Thanks, Jeff. We will now open the call to Q&A. [Operator Instructions] With that operator, we’ll take our first question..
[Operator Instructions] Our first question comes from Doug Leggate with Bank of America. Your line is now open..
Good morning, guys. This is actually Kalei on for Doug. I’ve got two questions, if I may. Both are related to public policy on oil and gas. So under a potential Biden administration, obviously, if there is a risk to the industry.
Firstly, what’s your understanding of the potential of subsidies to the industry that could be targeted? And specifically, I’m thinking about items like IDCs or even a minimum book tax that could raise cash costs on the business.
How would this change items like your breakeven and how you pursue your activity levels?.
This is Jeff. To be honest, I don’t have a lot of specific details around any changes that the Biden administration is planning or as talked about, certainly to the extent that IDC were to be limited or changed in some way that would be impactful, certainly to our financial results and the taxable income that we would generate as a company.
So that’s something, we’ll certainly, have to be on a watch for and be mindful of, but we don’t have any specific details at this point in time..
All right, thanks. For my second question, I just like to ask for an update on your federal acreage plans.
How many permits have been secured? To what date does that bring you to? And if that window – if you anticipate that window closing under a new administration, to obtain permits, what’d you think that would close?.
Well, I’ll start off here and David can provide detail. So I think we’ve said in our prepared remarks, so we anticipate having about 650 federal permits by the end of the year. 80% of those are going to be in the Delaware basin or about 520 federal permits in the Delaware basin by the end of the year is our anticipation.
The key point of that is that covers four years of activity that we would anticipate in a Delaware basin. And that’s keeping in mind, when I say that even under the maintenance capital scenario or production overall for the company would remain flat. That means though in the Delaware basin, we would be growing our production.
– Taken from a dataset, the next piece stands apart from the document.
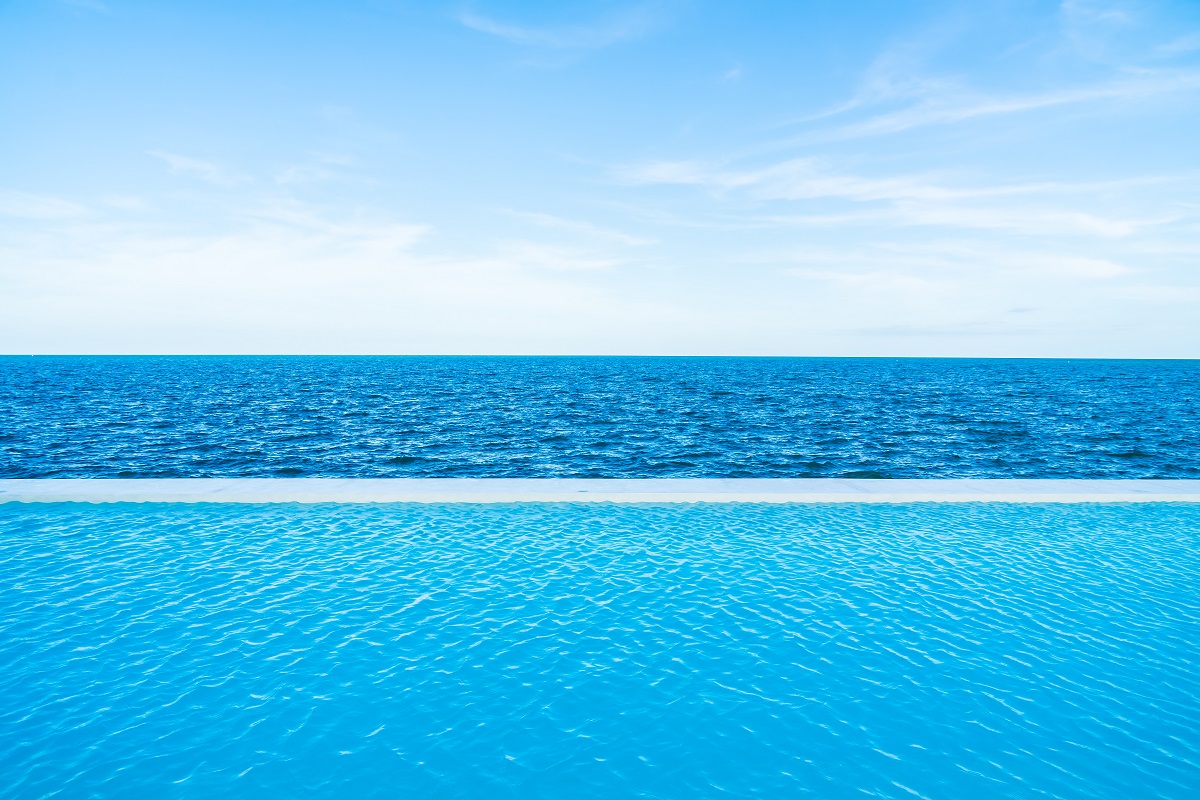 Infinity Swimming Pool With Sea And Ocean View On Blue Sky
So that’s a level of permits that would allow production to actually grow in the Delaware basin while keeping the overall production for the company as flat. And the other thing, I’d mentioned too is keep in mind, we are very well aligned with the state here. The 40% of the revenue in New Mexico comes from oil and gas activities.
And the state understands extremely well. Governor Grisham who’s on the Biden transition team understands and supports very much oil and gas activity in the state.
So I know there’s a lot of discussion around this and I understand, if why, but the alignment with the state and what we do as an industry for the state to help out with other social needs that the state has is extremely important. And everyone in the state of New Mexico understands that.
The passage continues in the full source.